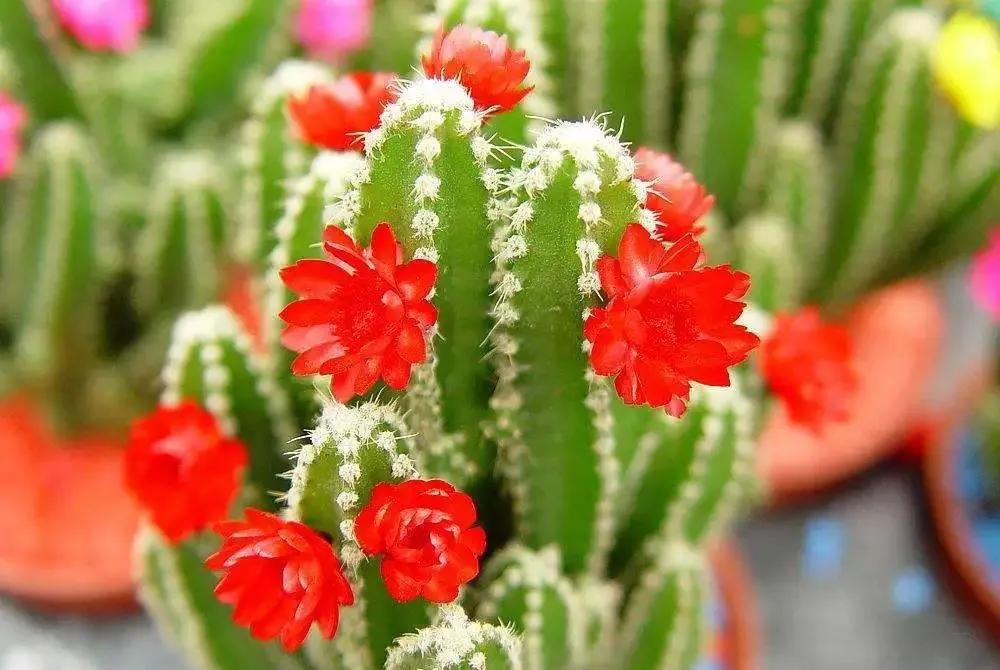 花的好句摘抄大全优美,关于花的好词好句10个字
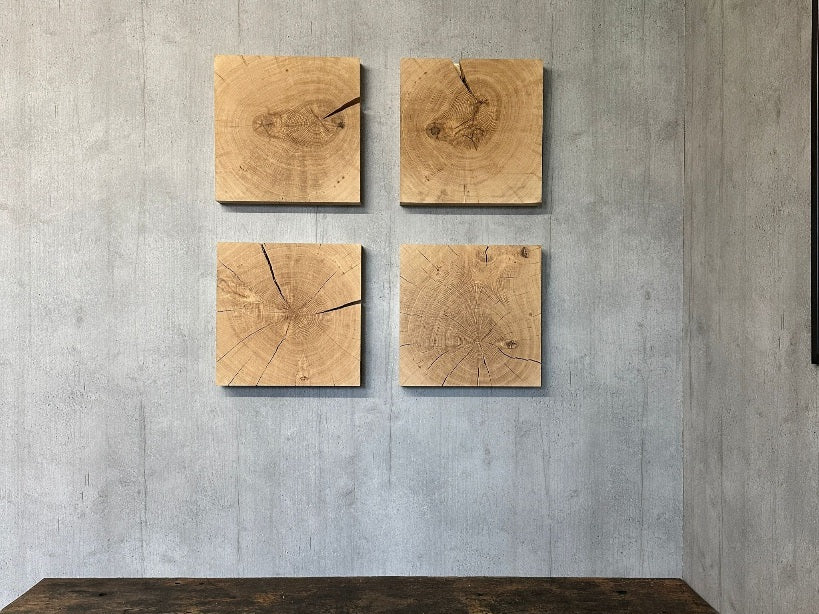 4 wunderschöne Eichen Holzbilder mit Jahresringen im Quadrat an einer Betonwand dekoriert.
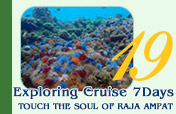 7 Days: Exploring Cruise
==
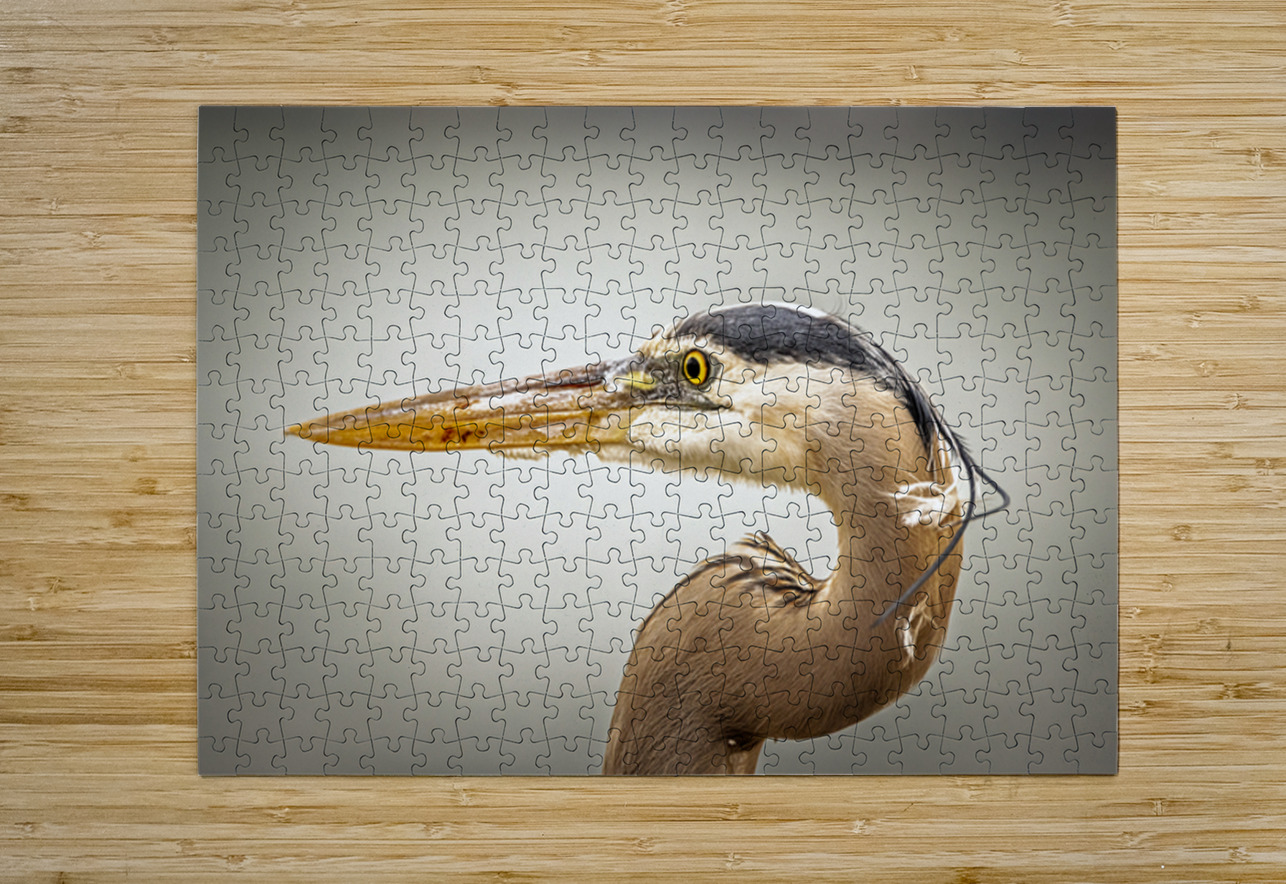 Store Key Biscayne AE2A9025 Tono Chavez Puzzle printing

#### Instructions for the task
In the listing above, find the line with "花的好句摘抄大全优美,关于花的好词好句10个字" and the line with "7 Days: Exploring Cruise". Output both, plus every line between them, and no pictures.

#### Solution to the exercise
 花的好句摘抄大全优美,关于花的好词好句10个字
 4 wunderschöne Eichen Holzbilder mit Jahresringen im Quadrat an einer Betonwand dekoriert.
 7 Days: Exploring Cruise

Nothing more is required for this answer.